Offensive co-worker behavior has far-reaching consequences
In a study published in the Journal of Organizational Behavior, Baylor University researchers reported that a co-worker’s offensive behavior could have extensive consequences even beyond the workplace. According to findings, intense stress caused by discourteous behavior impacts the worker to an extent that he/she takes it home to the family and partner who in turn carry it forward to their workplace.
Study author and assistant professor of management and entrepreneurship, Baylor University Hankamer School of Business, Merideth J. Ferguson, Ph.D., said, “Employees who experience such incivility at work bring home the stress, negative emotion and perceived ostracism that results from those experiences, which then affects more than their family life – it also creates problems for the partner’s life at work.”
She added, “This research underlines the importance of stopping incivility before it starts so that the ripple effect of incivility does not impact the employee’s family and potentially inflict further damage beyond the workplace where the incivility took place and cross over into the workplace of the partner.”
Furthermore, on seeing the worker stressed and worn out, the partner takes up more of the household responsibility, which interferes with the partner’s work life. The study suggested that this kind of stress took a toll on the worker’s as well as the partner’s marriage.

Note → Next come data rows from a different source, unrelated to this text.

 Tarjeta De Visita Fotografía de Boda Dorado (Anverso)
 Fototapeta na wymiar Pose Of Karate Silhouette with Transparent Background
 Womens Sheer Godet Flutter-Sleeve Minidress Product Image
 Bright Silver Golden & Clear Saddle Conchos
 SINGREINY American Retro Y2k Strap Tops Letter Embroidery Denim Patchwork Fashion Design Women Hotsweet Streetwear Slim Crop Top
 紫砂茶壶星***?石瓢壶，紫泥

Around 190 workers and their partners were involved in the study. Full-time employed workers had working partners and co-workers who completed an online survey, following which working partners of the workers completed a separate survey. The database considered responses of the initial contact and the partner as one complete response. The males (average age, 36) roughly made up for 57% of the employee sample, females (average age, 35) accounted for nearly 43% of the partner sample, and 75% of these couples had children.

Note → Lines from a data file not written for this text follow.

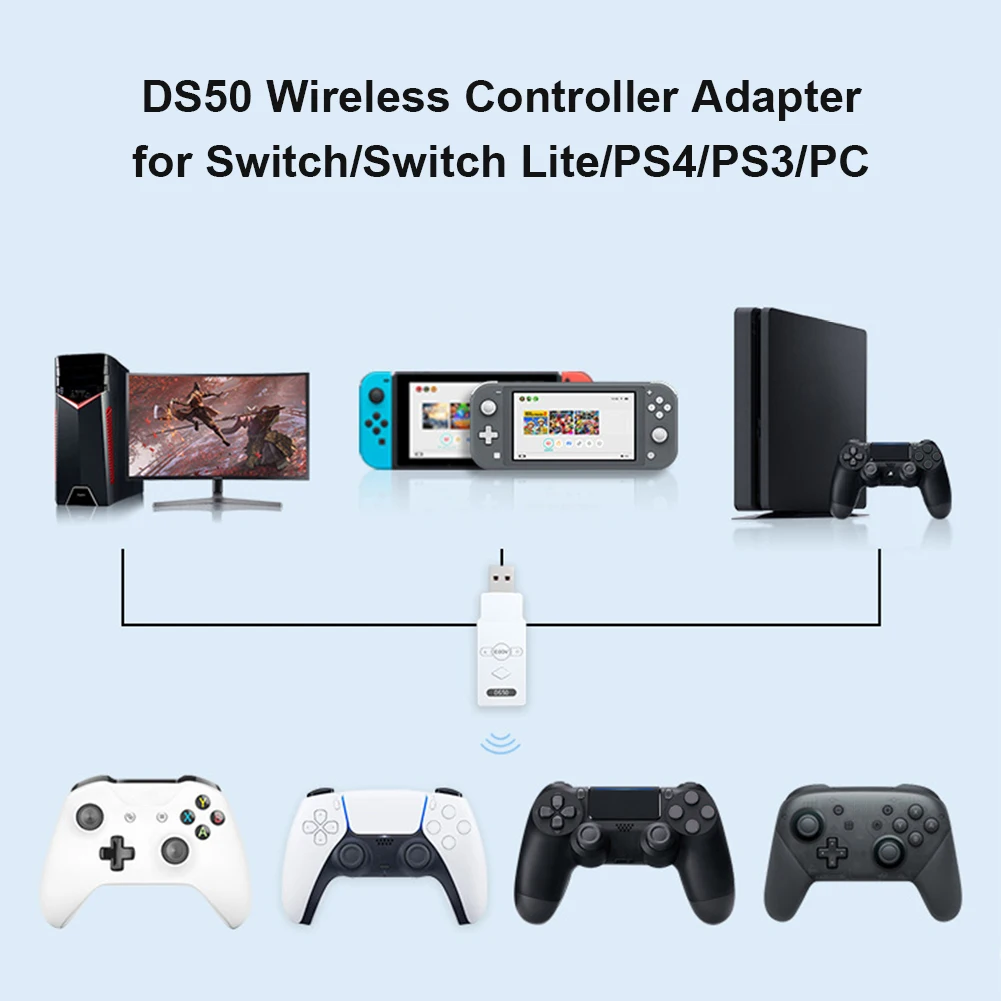 DS50 Gamepad Konverteris Imtuvas PS5 PS4, PS3 Xbox NS Pro 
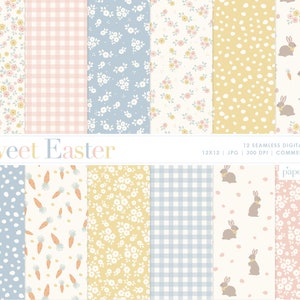 Papel digital sin costuras de Pascua, papel para álbumes de recortes con conejito de Pascua con flores primaverales, patrón de huevo de Pascua con conejito, papel con patrón de Pascua, uso comercial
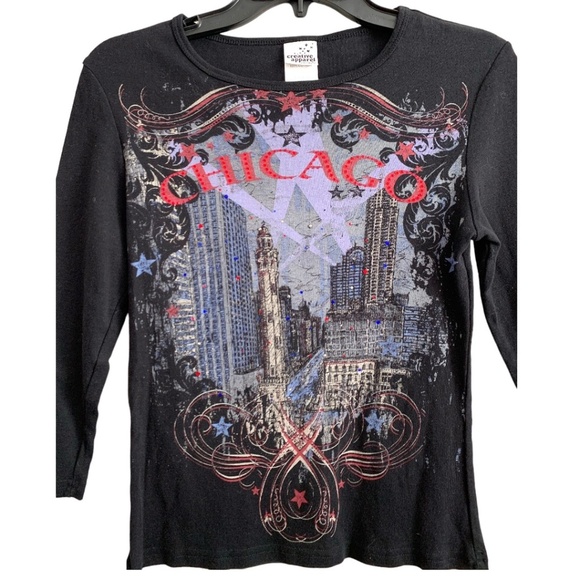 VTG Chicago Womens Shirt by Creative Apparel Concepts Size Medium Y2K Crystals - Picture 2 of 8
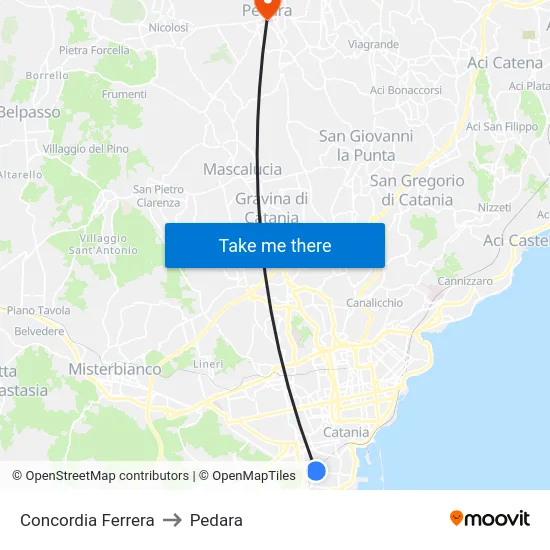 Concordia Ferrera to Pedara map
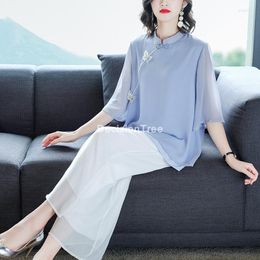 Ethnic Clothing 2023 Print Qipao Elegant Blusa Vintage Cheongsam Top Ladies Traditional Chinese Women's Shirt Style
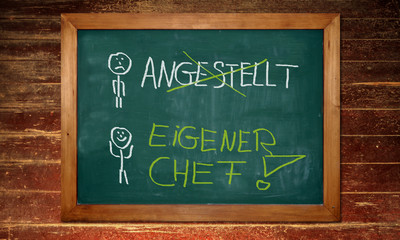 Poster - Kreidetafel - Angestellt - Eigener Chef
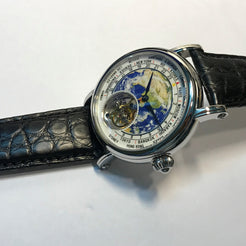3D Globe Tourbillon Round Watch Fashion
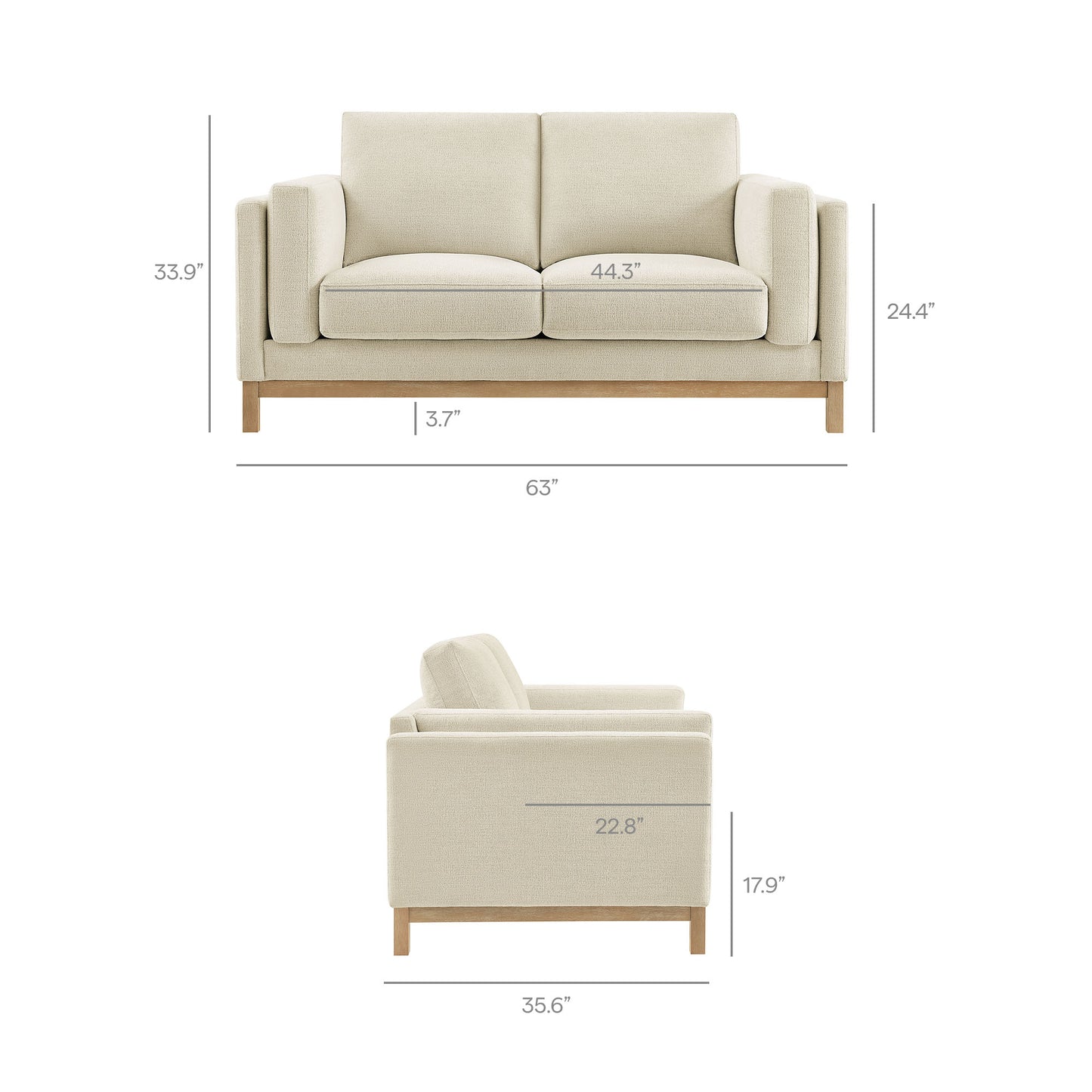 Roscoe 63 inch Fabric Loveseat by Modway EEI-7328 Upholstered Contemporary Design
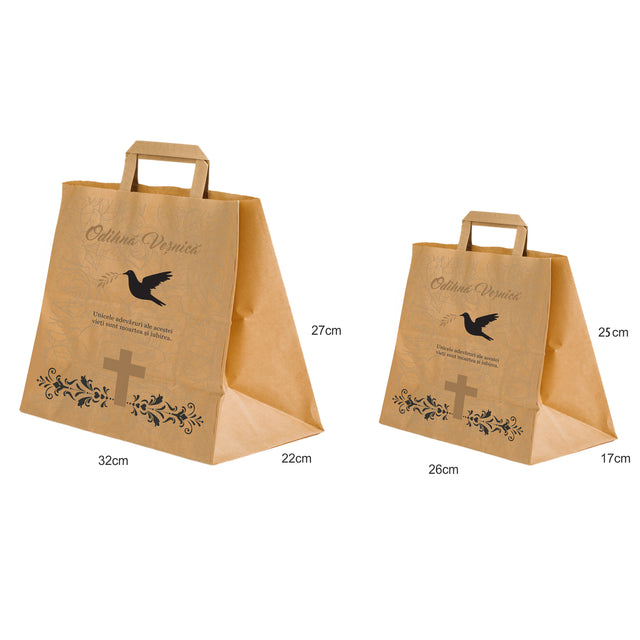 Pungă hârtie kraft NATUR pentru parastas, pomană, înmormântare „Porumbel cu Trandafiri” Odihnă Veşnică – mânere plate – 26 x 25(H) x 17 cm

Ferguson said, “Unlike the study of incivility’s effects at work, the study of its impact on the family is in its infancy. However, these findings emphasize the notion that organizations must realize the far-reaching effects of co-worker incivility and its impact on employees and their families.”
She added, “One approach to prevent this stress might be to encourage workers to seek support through their organization’s employee assistance program or other resources such as counseling or stress management so that tactics or mechanisms for buffering the effect of incivility’s stress on the family can be identified.”